Nos hemos venido preparado desde hace más de quince días, haciendo las reservaciones, llamando a los compañeros de la aventura, elaborando un primitivo itinerario y un presupuesto más que apretado para que todos pudieran adherirse al paseo. Y aquí estamos, en plena ascensión.
 Y el premio es realmente desmesurado para el esfuerzo realizado: desde la cumbre vemos el mar y una hermosa playa. Nos abrazamos, nos tomamos fotos, lloramos. Claro, pensando en que estamos a medio camino y aún no hemos hollado la arena con nuestros citadinos pies.
Pero como no hay plazo que no se cumpla, minutos más tarde (un montón de minutos) descendemos casi corriendo, salvo los portadores del sagrado cooler, que ya no daban más. En algún  momento se me parecieron a  los portadores de la arca de la alianza sudando en pleno desierto mientras el rey David vociferaba santos  improperios.
Al llegar al borde de la playa apartamos a unas vacas, primero diciéndoles dulcemente shooooooo, luego quiten de ai, y al final gritando algo así como ¡dejen pasar, vacas putas!
Y poniendo pie en tierra e hincando rodilla derecha tomamos posesión de estas nuevas indias en nombre del rey. No sé a quién se le ocurrió esta payasada, el caso es que más rápido que volando son despojamos de lo que quedaba de nuestra vestimenta, en mi caso los zapatos, y la mochila y nos dedicamos a disfrutar de la propia y de la otra desnudez. La del cuerpo y la del espíritu cuando sentimos la brisa, la arena y el agua  en las partes  que nunca han sido libres, salvo en la ducha de nuestras civilizadas viviendas. Aquí solo necesitamos una gorrita y nada más y si no la tienes, pues ves que no es tan importante.

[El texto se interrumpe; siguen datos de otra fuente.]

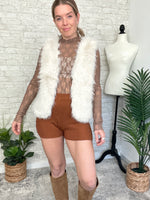 Rochelle Fuzzy Vest Cream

Uno a uno fueron llegando los sobrevivientes de la caminata y uno a uno se fueron desnudando y tomando posesión del sitio que habíamos elegido sabiamente: a la sombra de un saliente de tierra de unos diez metros de altura. Colocamos nuestras pertenencias, el cooler, la sombrilla,  el letrero que mandamos a hacer con nuestro logotipo, manifestando que en esta playa estaba permitida la práctica del sagrado nudismo. Minutos más tarde abandonamos el lugar  porque comenzaron a llover terrones y piedras; el risco se desmoronaba y corríamos el riesgo de terminar sepultados lluchos.  Y sin la cedula en el bolsillo, ¿Cómo nos iban a identificar?
Ya más seguros, al borde del mar y a la sombra del parasol, donde, como pudimos ratificar, alcanzan doce personas o más,  nos pusimos a disfrutar del mejor día de playa que puede haber tenido mortal alguno. Las olas, el sol, la arena de la playa y la marea que subía y subía sin tregua fueron los protagonistas de la aventura.

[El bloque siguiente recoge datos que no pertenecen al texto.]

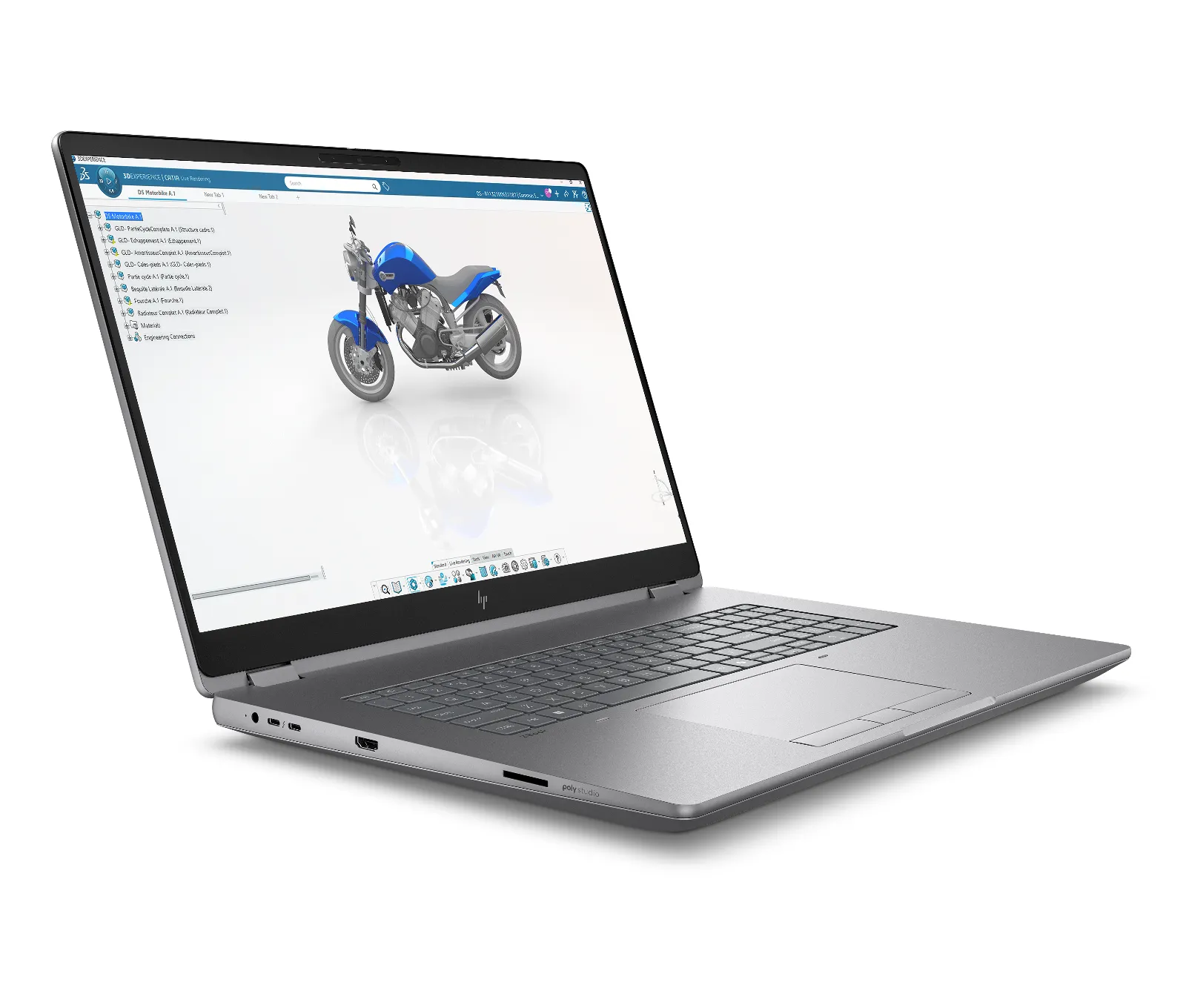 HP ZBook Fury G1i 18 inch Mobile Workstation PC, right side view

El almuerzo consistió en  una sandía que resultó estar en avanzado grado de descomposición, una piña que fue sacrificada con una navaja de afeitar y un plátano negro y aplastado, consecuencia de los movimientos internos del hielo en el cooler.
 Al final de la tarde se nos fueron acercando tímidamente  unos niños, seguramente hijos del cuidador de la hacienda. Gateando al principio, caminando después hasta que departieron con nosotros, sin ningún temor unas papas fritas y una que otra golosina. El Pablito les regaló  como despedida una pelota de futbol autografiada por Maradona.
Nos tomamos las últimas fotos encaramándonos en un banco de arena para huir de la marea que nos echaba malamente fuera delos  dominio de Poseidón. De muy mala gana, remoloneando hasta el fin, nos vestimos y emprendimos en viaje de regreso. A través de la montaña, pero esta  vez con el cooler  vacío.